Yangın, deprem, sel gibi doğal afetlerden ve savaş durumunda kendinizi ve ailenizi nasıl koruyacağınızı sivil savunma öğretir.  Özellikle Organize Sanayi Bölgeleri başta olmak üzere birçok iş yeri bağlı bulundukları Valiliklerden, Sivil Savunma Planı hazırlamaları yönünde tebligatlar almaktadır.

AFAD Daire Başkanlığı ve İstanbul AFAD ‘ dan alınan bilgiler ışığında; kamu kurum ve kuruluşlarında sivil savunma amirlerinin 4-5 gün süren eğitimlerinin tamamlandığı, sırada özel sektörün olduğu, eğitim planlaması için bir nevi bilgi havuzu oluşturmak amacı ile bu uygulamanın yapıldığı öğrenildi. Ayrıca işyeri tehlike sınıfına bakılmaksızın 100 ve üzeri çalışanı olan işyerlerinin zaten sivil savunma amiri bulundurmak zorunda olduklarını belirtildi. Sivil Savunma Planının, müesseselerin güvenlik birimleri ile beraber varsa bina yönetimi tarafından hazırlaması gerekmektedir.
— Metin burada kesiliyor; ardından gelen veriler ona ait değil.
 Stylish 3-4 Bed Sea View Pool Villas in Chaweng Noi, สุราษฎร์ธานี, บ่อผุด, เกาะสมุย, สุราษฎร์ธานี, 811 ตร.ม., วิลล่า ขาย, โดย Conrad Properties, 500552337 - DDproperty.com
Konu 6331 sayılı İş Sağlığı ve Güvenliği Kanunu kapsamında olmayıp bina yapısı, sığınak, ekipman vb. konularda yeterli bilgiye sahip (Teknik Ekip vb.) kişiler tarafından kılavuzda belirtildiği şekilde hazırlanması gerekmektedir.
İlgili planlar 7126 sayılı Sivil Savunma Kanunu ve İçişleri Bakanlığı Sivil Savunma Genel Müdürlüğü’nün yayınladığı ‘Daire ve Müesseseler İçi Sivil Savunma İşleri Kılavuzu’na göre hazırlanması istenmektedir.
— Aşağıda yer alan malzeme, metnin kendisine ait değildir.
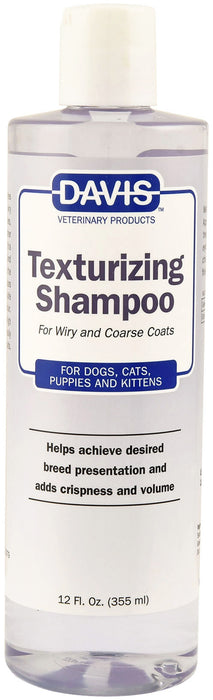 Davis Texturizing Shampoo - Davis Texturizing Shampoo, 12 oz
https://istanbul.afad.gov.tr/tr/9562/Kitap-Kitapciklar (link üzerinden ilgili kılavuza ulaşabilirsiniz.)

 

Sivil Savunma Planı Nedir?

Düşman saldırılarına karşı halkın can ve mal kayıplarını en az seviyeye indirilmesi, hayati önem taşıyan her türlü resmi ve özel tesis kuruluşlarının korunması ve faaliyetinin devamını sağlayacak iyileştirmenin yapılması, savunma faaliyetlerinin halk tarafından en yüksek seviyede desteklenmesi ve halkın moralini yüksek tutmak için alınacak her türlü silahsız koruyucu ve kurtarıcı tedbir ve faaliyetleri kapsar. (5 Ağustos 2010 tarih 27663 sayılı resmi gazete: madde 4)
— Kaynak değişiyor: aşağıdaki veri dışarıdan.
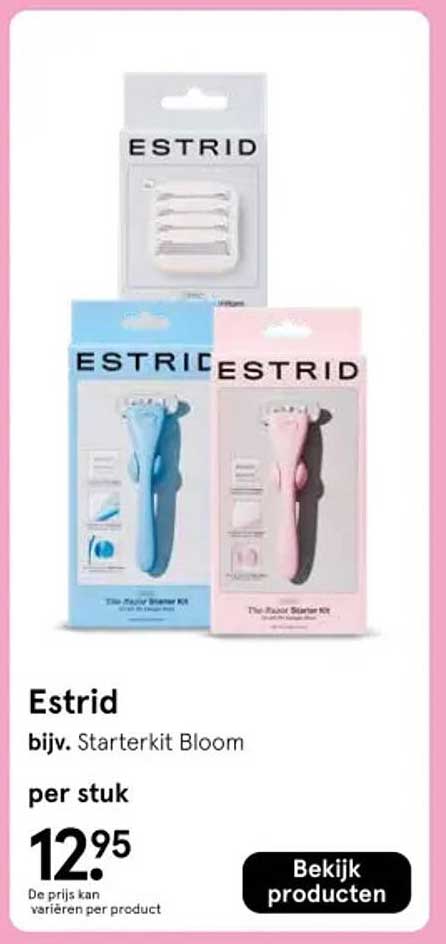 Estrid bijv. Starterkit Bloom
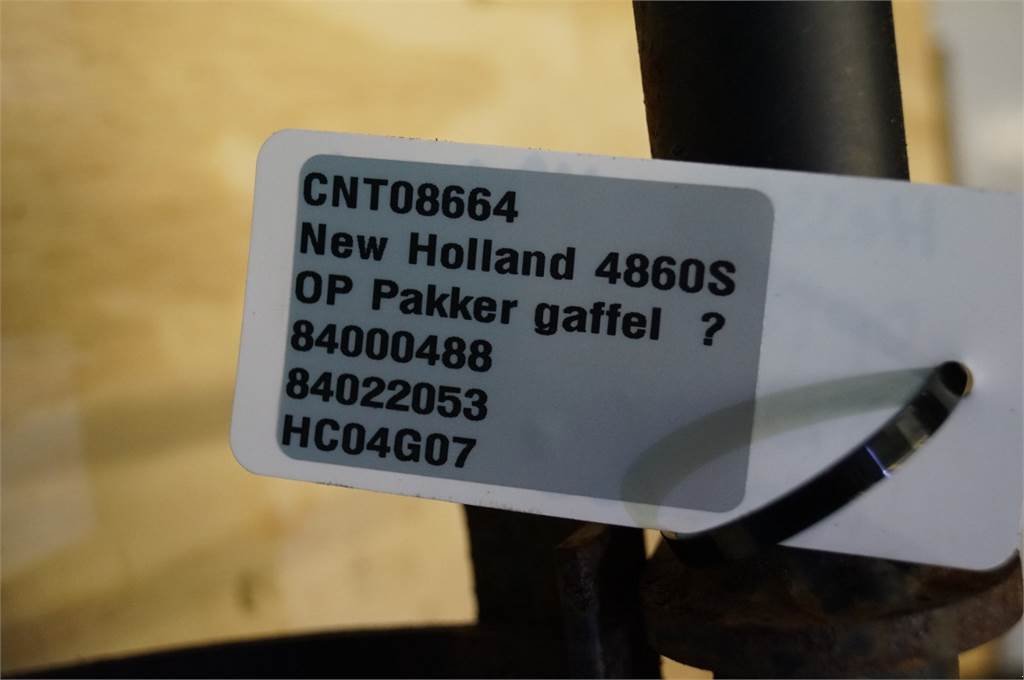 Sonstiges du type New Holland 4860, Gebrauchtmaschine en Hemmet (Photo 13)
Sivil savunmasız yurt savunması olmaz. Sivil savunmanın önemine binaen M.Kemal ATATÜRK ‘ün veciz sözünü paylaşmak isteriz; “Felaket başa gelmeden evvel önleyici ve koruyucu tedbirleri düşünmek lazımdır, geldikten sonra dövünmenin yararı yoktur”.